The Public Patent Foundation (PubPat) has continued its push against "the negative effects that over-patenting, unmerited patenting and excessive patent rights can have on society." The organization, founded by patent attorney Dan Ravicher, typically focuses on what it sees as bad patents being over-exerted. In the false marking heyday, PubPat also filed false marking suits against Cumberland (Sweet'N Low), Iovate (Xenadrine), and McNeil (Tylenol). Unlike ordinary usual public-interest lawsuits, the false marking claims had the potential earning PubPat substantial monetary returns. Under the false marking statute, 35 U.S.C. § 292, PubPat was eligible to receive half of the eventual fine paid by any adjudged false markers.

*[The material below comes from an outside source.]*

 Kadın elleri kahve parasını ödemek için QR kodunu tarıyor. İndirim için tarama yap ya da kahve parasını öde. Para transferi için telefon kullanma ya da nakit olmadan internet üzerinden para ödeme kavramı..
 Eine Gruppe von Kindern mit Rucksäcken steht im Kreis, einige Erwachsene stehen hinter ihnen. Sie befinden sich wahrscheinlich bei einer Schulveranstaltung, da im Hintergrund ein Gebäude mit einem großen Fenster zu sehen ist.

However, when Congress passed the Leahy-Smith AIA it included a provision that denies standing for any false marking complainant who cannot prove a competitive injury. The standing provision is retroactive and many of the false marking claims have already been dismissed.
In a new filing, PubPat has argued that the retroactive denial of standing violates the organizations Fifth Amendment due process rights.
While the claim underlying the cause of action in qui tam cases originally belongs to the United States, qui tam statutes perform a partial assignment of that claim to the qui tam plaintiff and the resulting cause of action is therefore partially the property of the qui tam plaintiff. . . . Retroactive congressional action that deprives a private party of its property violates the Due Process Clause of the Fifth Amendment if it is not “supported by a legitimate legislative purpose.” United States v. Carlton, 512 U.S. 26, 30-31 (1994). Further, the retroactive effect of legislation must separately have a legitimate legislative purpose apart from the prospective substantive changes. Id. . . . The America Invents Act . . . is completely silent as to why the substantive changes are to be applied retroactively. . . . Without being overly cynical, the only honest explanation for the America Invents Act's retroactive elimination of qui tam false marking suits is that it was the result of lobbying efforts by corporations like McNeil who wished to deliberately eliminate the rights of private parties like PUBPAT to continue to pursue pending qui tam cases for false patent marking. This targeting of those who were deliberately induced to file false marking suits is an expressly improper purpose under Carlton and any potential “public good” argument that McNeil or the United States might proffer for the retroactivity would surely be pretextual, further indicating its impropriety. . . . PUBPAT agrees, for example, that “retroactive laws are not [categorically] prohibited by the Constitution.” . . . All PUBPAT suggests is that retroactive statutes can violate the Due Process Clause and that the America Invents Act's retroactive application of substantive changes to the false marking statute in a way that does nothing but deprive PUBPAT of its property interest in order to bestow a private benefit on McNeil is an example of precisely such a violation.